## EXERCISE INSTRUCTIONS
I need every line from the start of the material below up to and including the line containing "#EmergencyLessons: Η UNICEF", restated exactly, with the pictures omitted.

## RECORDS SUPPLIED
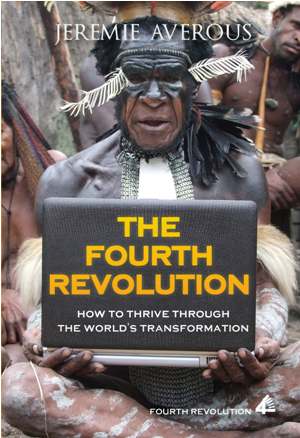 The Fourth Revolution Book cover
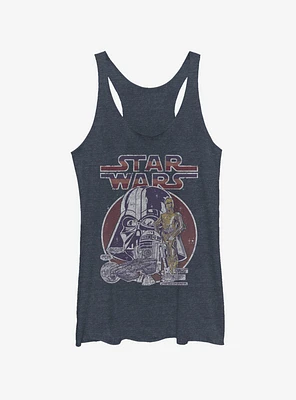 Star Wars SW Droid Power Womens Tank Top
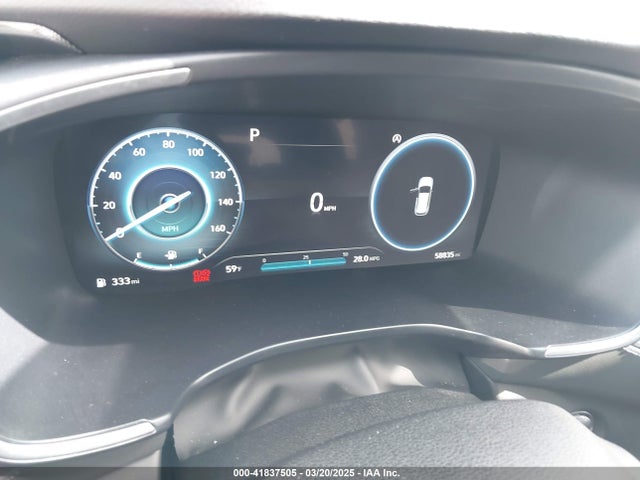 5NMS3DAJ6PH570707 Hyundai Santa Fe Sel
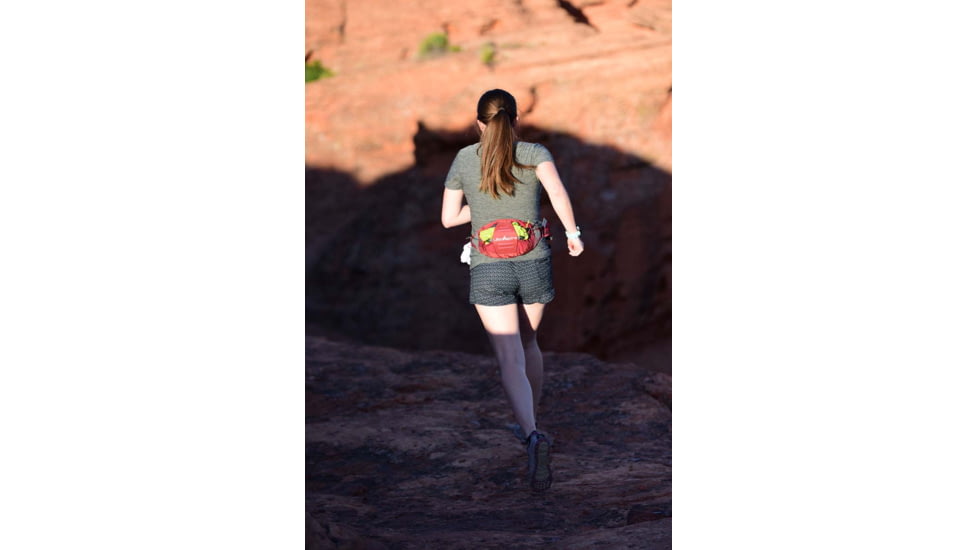 Ultraspire Plexus Backpack, Burgundy/Cherry Tomato, UA080BG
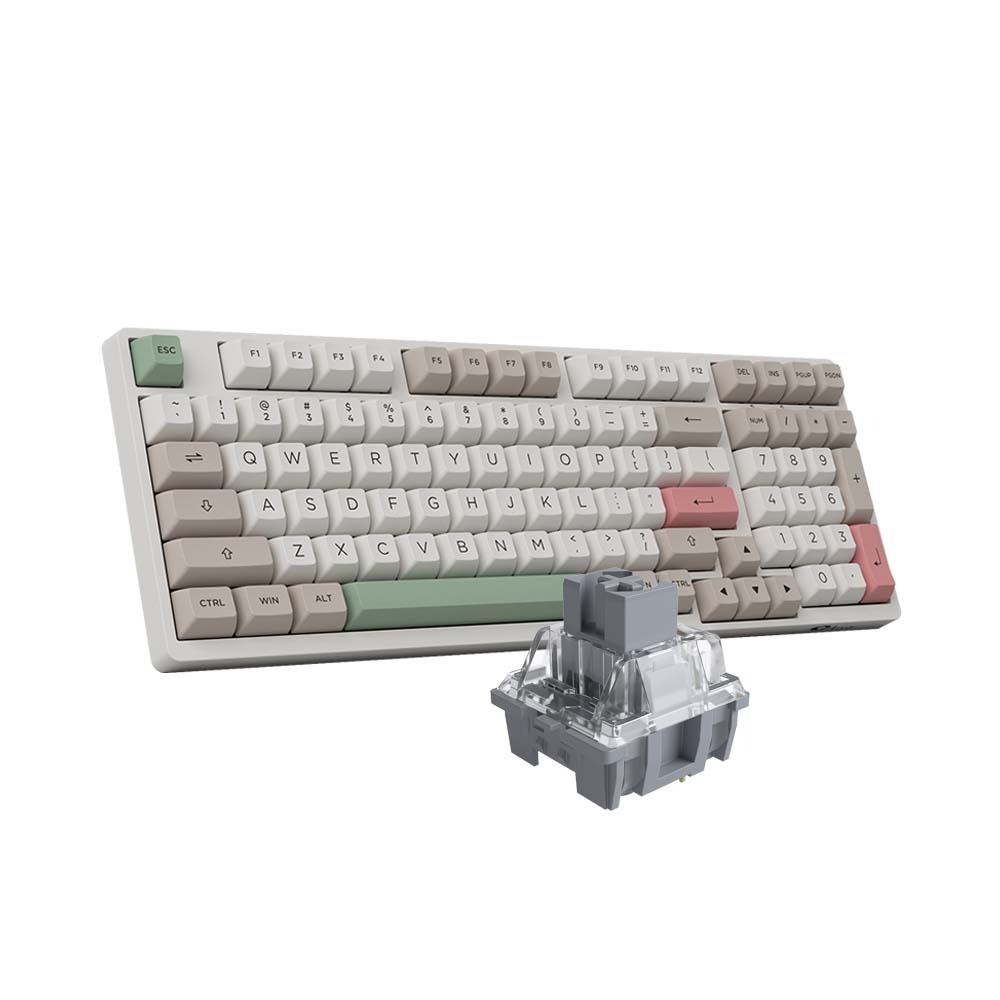 Bàn phím cơ không dây AKKO 3098B Multi-modes 9009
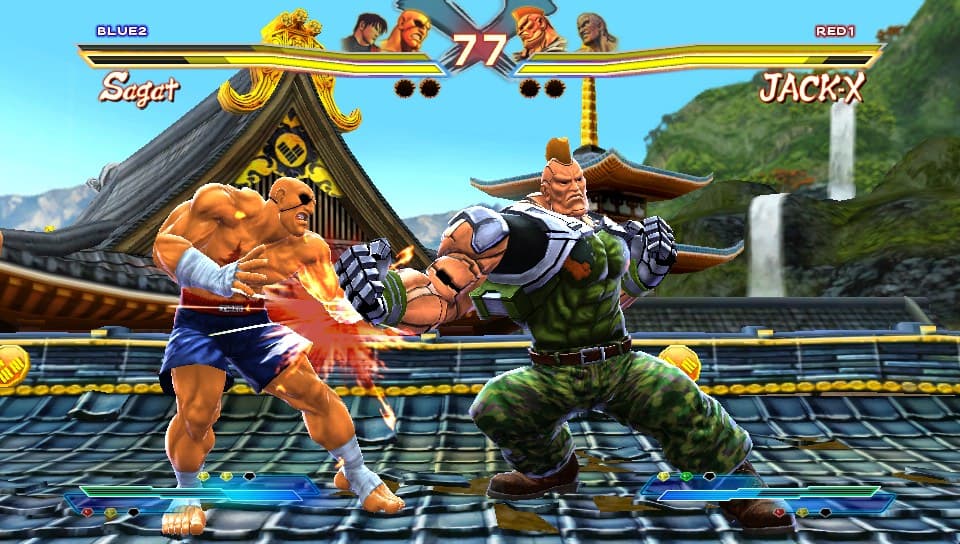 La caída de Street Fighter X Tekken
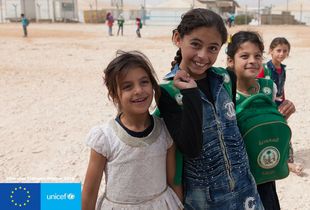 #EmergencyLessons: Η UNICEF Ελλάδος στο Ζαατάρι της Ιορδανίας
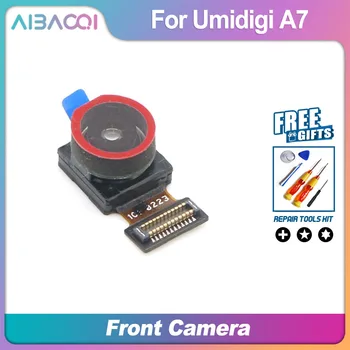 Бренд AiBaoQi Новая Передняя Камера + Замена Запасных Частей Для Задней Камеры Для Телефона Umidigi A7 Изображение 2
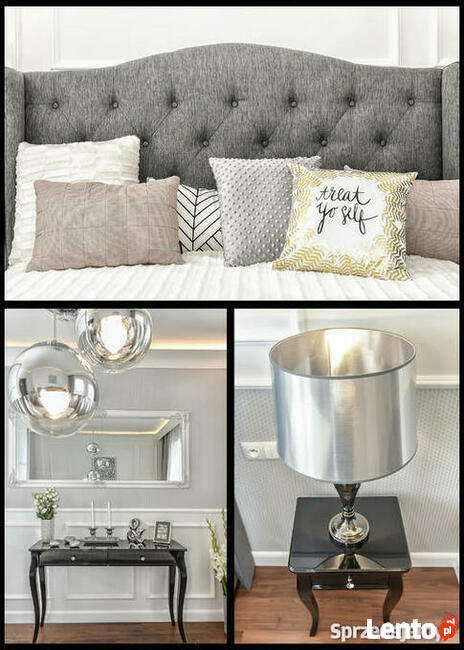 Konsola glamour , stolik, toaletka, AKANT Meble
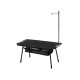 Складной стол Naturehike CNK2450JJ025, 80х40 см, алюминий, черный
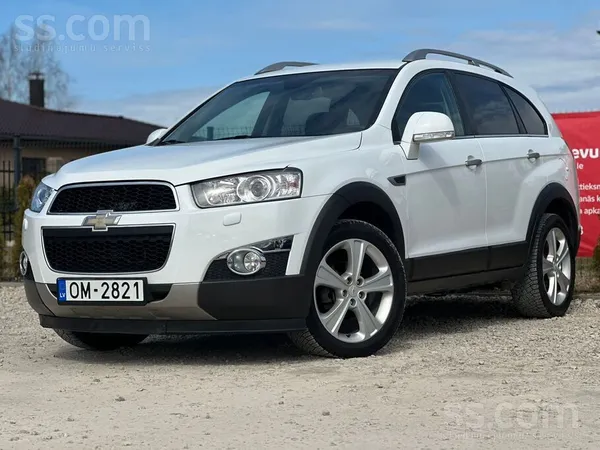 Chevrolet Līzings, maiņa. Ja nepieciešams līzings aplūkojiet
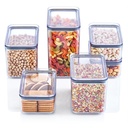 POT PLASTIQUE CRYSTAL 2100 ML 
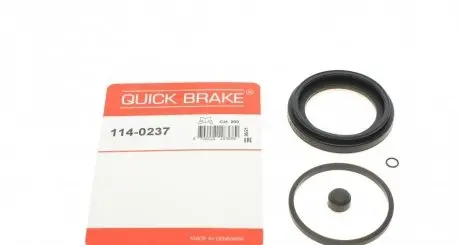 Фото 1 - елементи гальмівного супорта QUICK BRAKE 114-0237 Елементи гальмівного супорта QUICK BRAKE 114-0237 (фото 1)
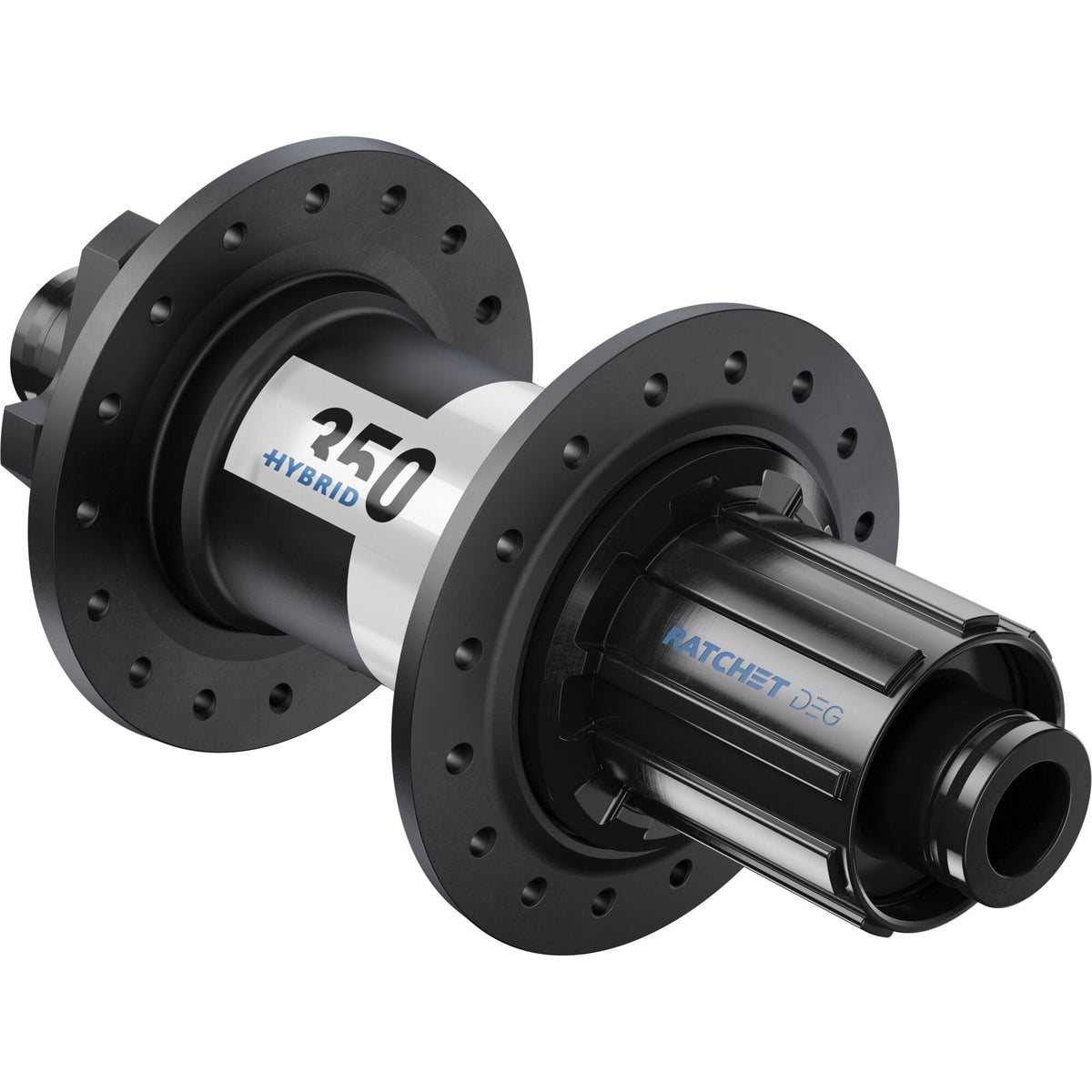 DT Swiss Hybrid 350 Classic DEG DF rear disc 6 bolt 148 x 12 mm Boost, Shimano HG, 32 hole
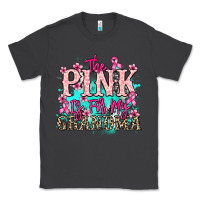 Smoke The pink is for my Grandma Cancer Awareness Classic Tee - HowdyJamesFarm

## EXERCISE RESPONSE
 The Fourth Revolution Book cover
 Star Wars SW Droid Power Womens Tank Top
 5NMS3DAJ6PH570707 Hyundai Santa Fe Sel
 Ultraspire Plexus Backpack, Burgundy/Cherry Tomato, UA080BG
 Bàn phím cơ không dây AKKO 3098B Multi-modes 9009
 La caída de Street Fighter X Tekken
 #EmergencyLessons: Η UNICEF Ελλάδος στο Ζαατάρι της Ιορδανίας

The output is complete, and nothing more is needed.